Dibe vurduğunuz dönemlerden edindiğiniz en büyük tecrübe ne? Cebinize hangi tecrübeyi koyup yukarı çıktınız?
“Allah ve Sabır ” demek lazım her daim, bu bir..
İkincisi; gençlikte zorlukları göğüslemek daha kolay ama ileri yaşlarda yaşanan krizlerden sonra , tıpkı 2005 de aldığım darbe gibi, toparlanmak kolay olmuyor. Kaybettiklerini yerine koymak için ne yeterli zaman olabilir ileri yaşta ne sağlık ne de enerji. O yüzden ben diyorum ki ileri yaştaki ticari adımlar daha dikkatli atılmalı.
İş hayatınızda unutamadığınız ilginç bir anınız var mı?
İlk dükkanımı tuttuğumda kiralarımı düzgün ödememden ve saygılı tutumlarımdan dolayı dükkan sahibim beni çok severdi. Dükkan sahibimin bir dükkanı daha vardı orayı da Boyabatlı ama tanımadığım bir hem şehirlim pastane açmak için tutmak istemiş. Dükkan sahibimin yeni kiracısına sen Boyabatlıysan benim diğer kiracım Mustafa Başdoğan sana referans olursa dükkanı veririm demesi beni çok gururlandırmıştı. Güven vermek, sevilmek, vereceğim referansa itibar edilmesi çok güzel ve onurlandırıcı.
İş hayatınızda yaşadıklarınızı kaleme alacak olsanız kitabınıza ne isim verirdiniz?
Hayatım duygusallıklarla doludur.
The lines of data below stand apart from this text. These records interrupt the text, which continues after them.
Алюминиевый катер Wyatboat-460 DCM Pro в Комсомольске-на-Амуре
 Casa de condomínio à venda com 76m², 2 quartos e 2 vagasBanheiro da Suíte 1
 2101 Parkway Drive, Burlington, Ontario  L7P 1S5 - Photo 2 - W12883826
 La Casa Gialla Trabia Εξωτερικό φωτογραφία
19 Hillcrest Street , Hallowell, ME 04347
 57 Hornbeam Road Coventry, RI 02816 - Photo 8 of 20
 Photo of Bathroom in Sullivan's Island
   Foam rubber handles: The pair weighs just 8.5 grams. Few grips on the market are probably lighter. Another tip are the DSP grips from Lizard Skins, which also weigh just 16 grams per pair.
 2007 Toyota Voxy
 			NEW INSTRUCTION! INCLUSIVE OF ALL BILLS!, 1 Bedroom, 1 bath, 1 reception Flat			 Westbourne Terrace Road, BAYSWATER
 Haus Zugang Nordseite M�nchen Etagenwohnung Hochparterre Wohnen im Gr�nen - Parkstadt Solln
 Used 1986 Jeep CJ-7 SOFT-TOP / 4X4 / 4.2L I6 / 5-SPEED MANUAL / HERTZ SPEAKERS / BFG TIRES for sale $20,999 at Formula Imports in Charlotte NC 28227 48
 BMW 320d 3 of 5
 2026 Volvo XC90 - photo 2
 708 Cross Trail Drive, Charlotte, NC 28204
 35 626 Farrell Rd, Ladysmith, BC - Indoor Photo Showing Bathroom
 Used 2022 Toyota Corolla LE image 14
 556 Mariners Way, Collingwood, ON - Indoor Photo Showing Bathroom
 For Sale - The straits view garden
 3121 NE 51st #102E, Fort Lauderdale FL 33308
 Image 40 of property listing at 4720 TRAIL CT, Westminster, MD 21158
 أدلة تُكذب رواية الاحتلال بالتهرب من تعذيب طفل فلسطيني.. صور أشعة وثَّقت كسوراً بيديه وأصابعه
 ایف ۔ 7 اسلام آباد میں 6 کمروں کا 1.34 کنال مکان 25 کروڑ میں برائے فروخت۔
Hiçbir zaman yaptıklarımla böbürlenmedim yaptıklarımla övünmedim. Yolda bir garip görsem boğazımdaki lokma geçmez. Onların halinden ben de geçtim. Eğitim hayatımda, çıraklık, kalfalık hayatımda çok zorluklarla karşılaştım. Bu yüzden kitabımın adı; “DUYGUSAL” olurdu.
Sizin sektörünüzde iş hayatına serbest girişimci olarak yeni atılacak bireylere nasıl bir mesaj vermek istersiniz. Tavsiyeleriniz var mı?
Öncelikle, buluşma görüşme saatlerine çok sadık olmalılar. Sonra, yaptığı işi üç kere düşünsün üç gün geç yapsın ama bir kere yapsın. Yap boz yapmasın. Sil baştan iş yapmasın. İyi usta olsunlar. “ Ustanın iyisi dükkanını dağın başına açmış yolunu da müşterisi yapmış” derler. Sermayesi ne olursa olsun bu işin ustalık kısmını çok iyi bilmek lazım.
Son olarak şunu sormak istiyorum ;” işim hem aşım hem aşkım” diyebiliyor musunuz?
Yapacağım tüm imalatlara aşık olmuşumdur. Mesela tornacılığı halen çok özlüyorum. Geceleri uyumadan önce tornada yapacağım şekilleri hayal ederek uyurdum..öyle ki sabah olmuş bir kalkardım kendimi torna tezgahında zannediyorum bir de bakıyorum evdeyim. O derece severim bağlanırım yaptığım imalatlara.